仿射周期解是动力系统领域中一类新的研究对象，仿射周期性从时空对称角度给出一种新的周期性。考虑到某些动力学现象，其运动规律在时间上具有一种近似周期的概周期性，同时在空间上又呈现某种仿射对称性，本项目在仿射周期理论基础上，从时空角度提出一种新的概周期性，即仿射概周期性。.本项目以随机仿射概周期系统为研究对象，探究其在分布意义下的仿射概周期解的适定性。首先，拟采用不动点方法，利用新的收敛工具研究系统仿射概周期解的存在唯一性。其次，拟分别利用随机分离和半分离方法，研究线性与非线性随机微分方程仿射概周期解的存在性，给出随机仿射概周期情形下的分离与半分离条件。同时，利用Lyapunov函数法研究系统仿射概周期解的渐近稳定性，得到易于验证系统存在唯一渐近稳定的仿射概周期解的理论判据。我们期望建立一套框架性的方法研究随机微分方程仿射概周期解的适定性问题，并进一步拓展仿射概周期理论在随机微分方程领域的应用。

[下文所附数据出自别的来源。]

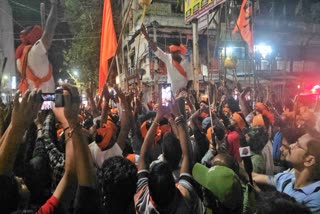 Mangala procession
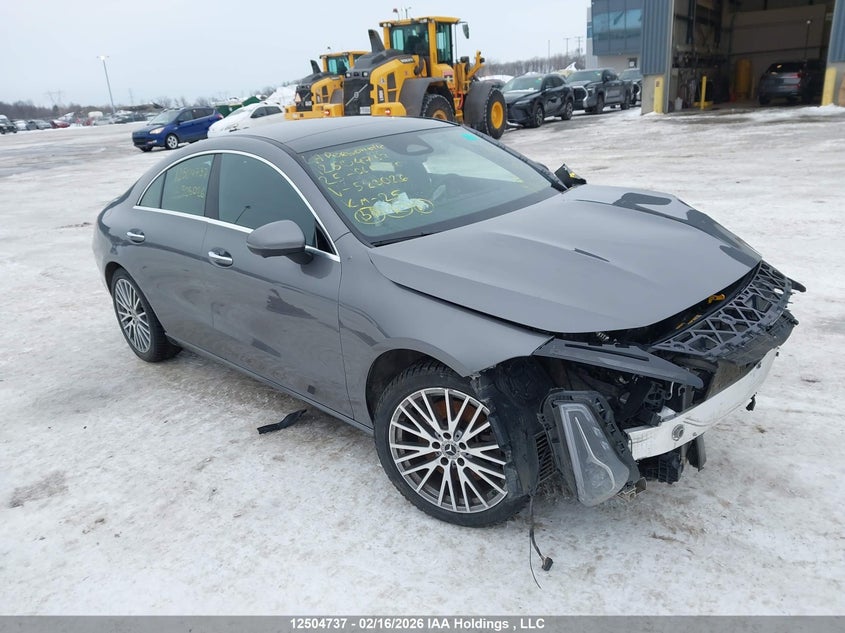 2025 MERCEDES BENZ CLA 250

Affine-periodic solution is a new research topic in the field of dynamical systems. Affine periodicity gives a new periodicity from the perspective of space-time symmetry. Base on the theory of affine periodicity, we consider that the laws of motion for some dynamical phenomena exhibit almost periodicity in time and affine symmetry in space. We propose a new kind of almost periodicity from the perspective of space-time which is called affine-almost periodicity.. In this project, we take stochastic affine-almost periodic systems as the research object to study the well-posedness of affine-almost periodic solutions in distribution for the stochastic systems. Firstly, we study the existence and uniqueness of affine-almost periodic solutions of the stochastic systems by using the fixed point method and the new convergence tool. Secondly, the existence of affine-almost periodic solutions of linear and nonlinear stochastic differential equations is studied by using stochastic separation and semi-separation methods respectively. The stochastic separation and semi-separation conditions for stochastic almost periodic cases are given. Moreover, Lyapunov function method is used to study the asymptotic stability of affine-almost periodic solutions of the stochastic systems. The theoretical criterion to verify the existence, uniqueness and asymptotic stability of affine-almost periodic solutions is given. Through the research on this subject, we expected that a framework of method to study the well-posedness of affine-almost periodic solutions in distribution for stochastic differential equation can be established. At the same time, the scientific research can extend the application of the theory of affine-almost periodic solutions in the field of stochastic differential equations.